Web page caption snippets
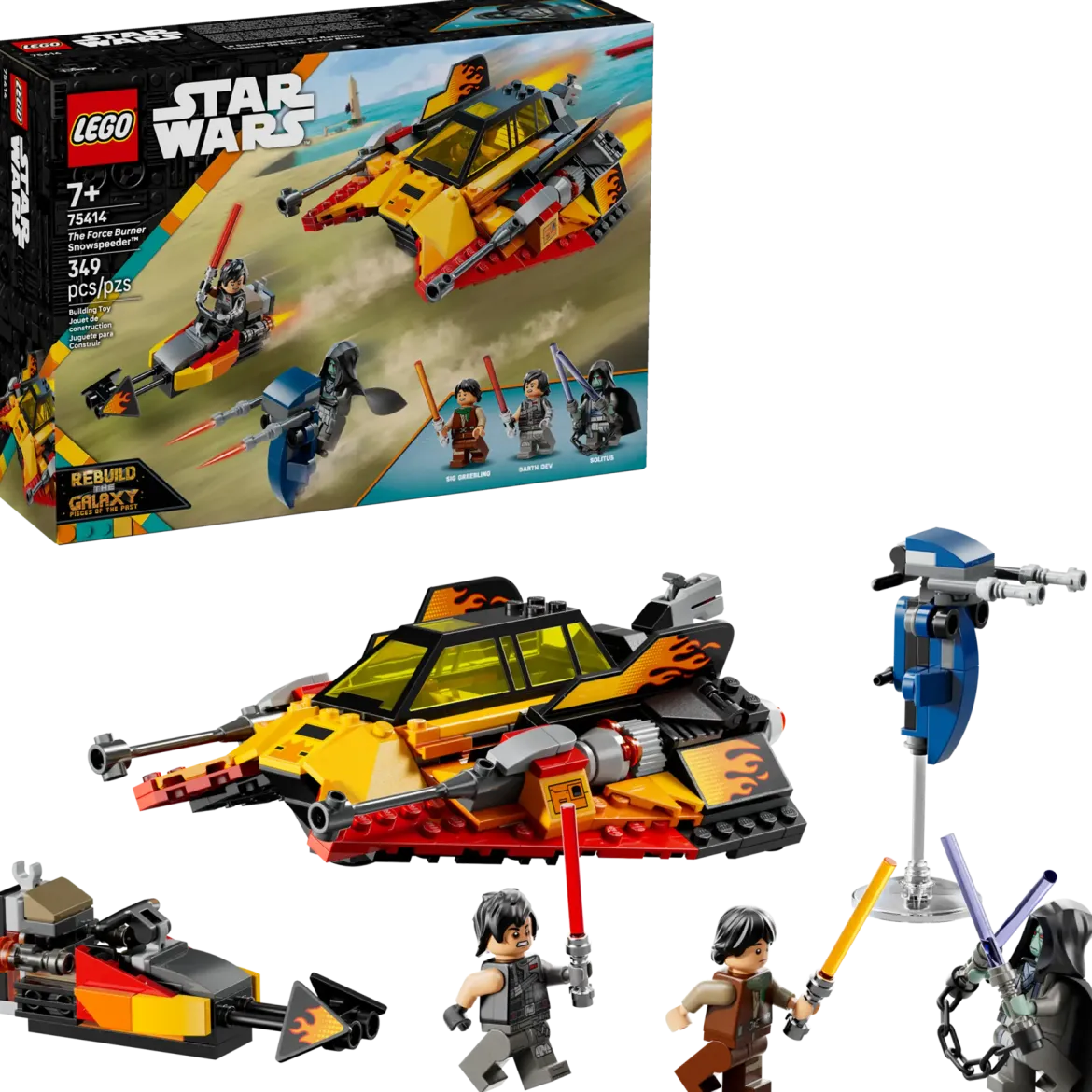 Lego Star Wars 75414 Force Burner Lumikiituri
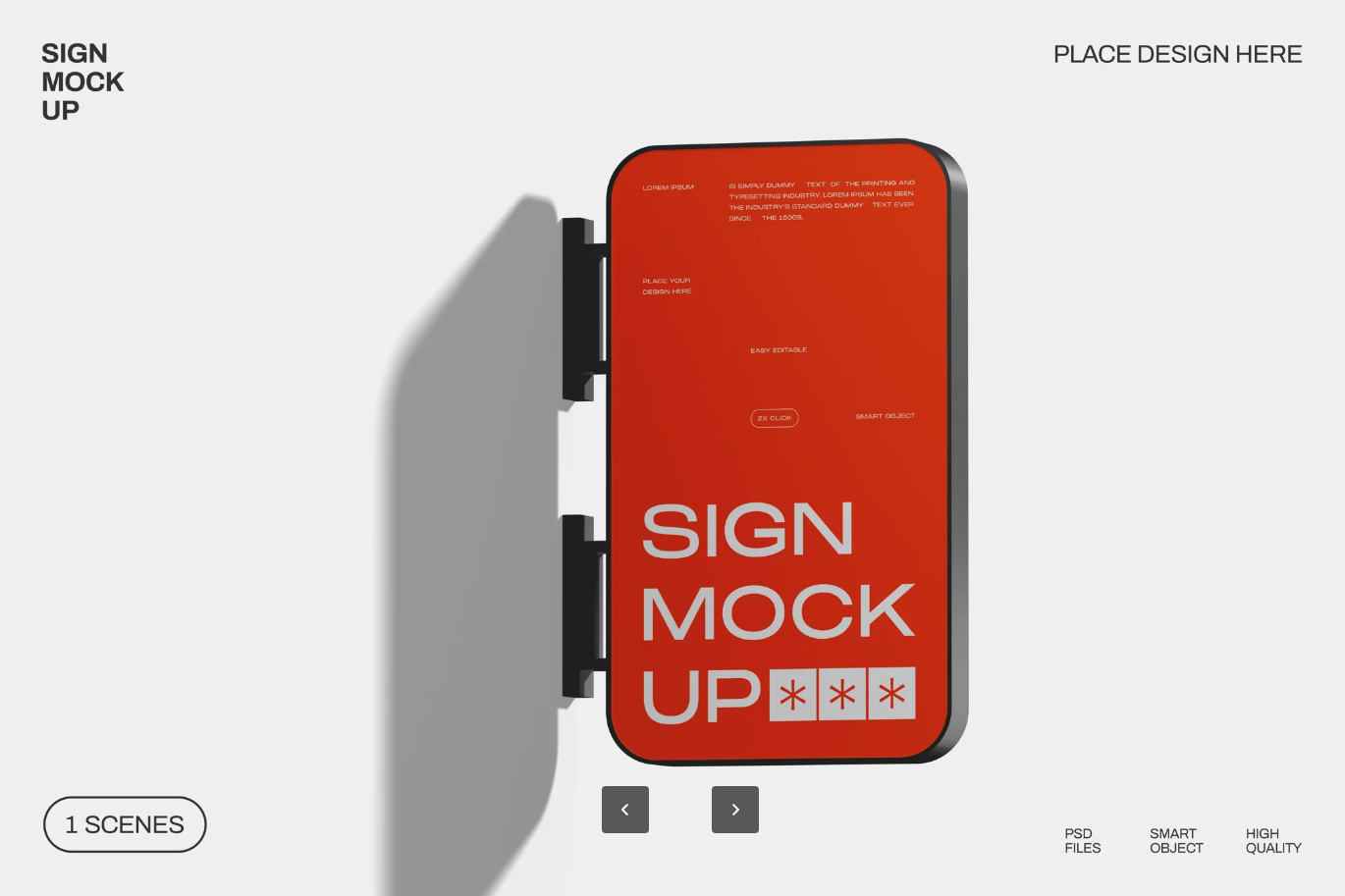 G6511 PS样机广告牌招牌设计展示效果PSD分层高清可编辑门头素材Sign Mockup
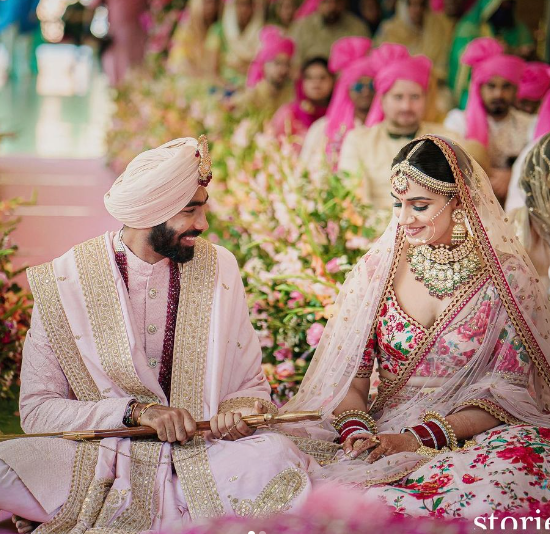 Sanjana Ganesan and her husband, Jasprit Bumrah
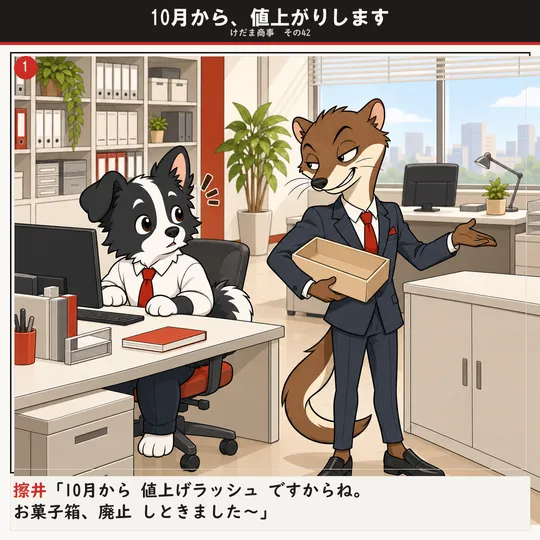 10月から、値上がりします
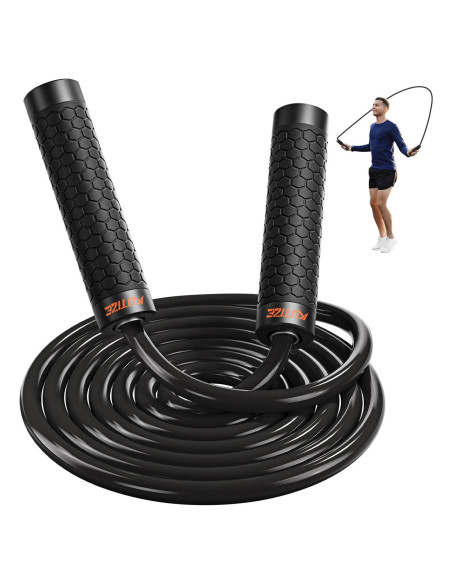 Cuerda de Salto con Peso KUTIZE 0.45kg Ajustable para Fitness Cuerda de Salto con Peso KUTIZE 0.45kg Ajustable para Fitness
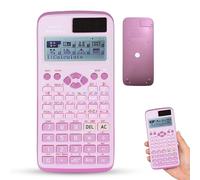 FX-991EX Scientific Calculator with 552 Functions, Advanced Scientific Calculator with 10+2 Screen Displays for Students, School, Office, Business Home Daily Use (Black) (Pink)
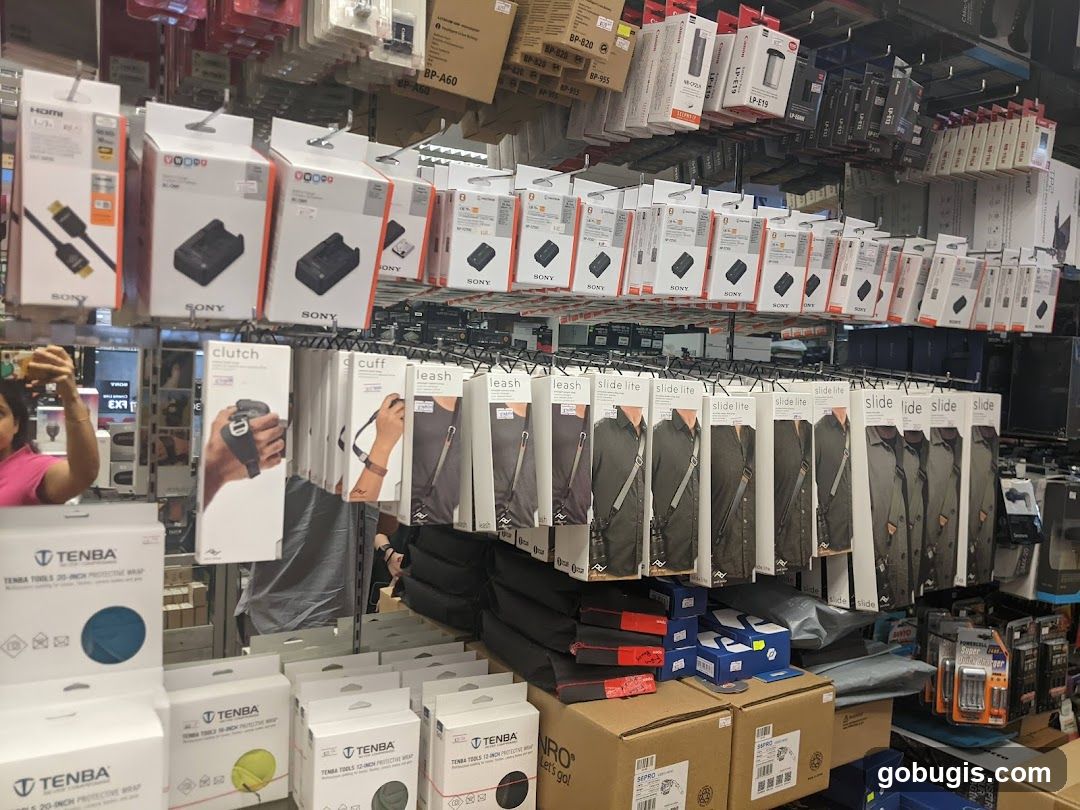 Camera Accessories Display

• _Work to complete_
Once the line containing "Sanjana Ganesan and" is found, transcribe it and every line after it to the end of the records, exactly and with no pictures.

• _Answer to the problem_
 Sanjana Ganesan and her husband, Jasprit Bumrah
 10月から、値上がりします
 Cuerda de Salto con Peso KUTIZE 0.45kg Ajustable para Fitness Cuerda de Salto con Peso KUTIZE 0.45kg Ajustable para Fitness
 FX-991EX Scientific Calculator with 552 Functions, Advanced Scientific Calculator with 10+2 Screen Displays for Students, School, Office, Business Home Daily Use (Black) (Pink)
 Camera Accessories Display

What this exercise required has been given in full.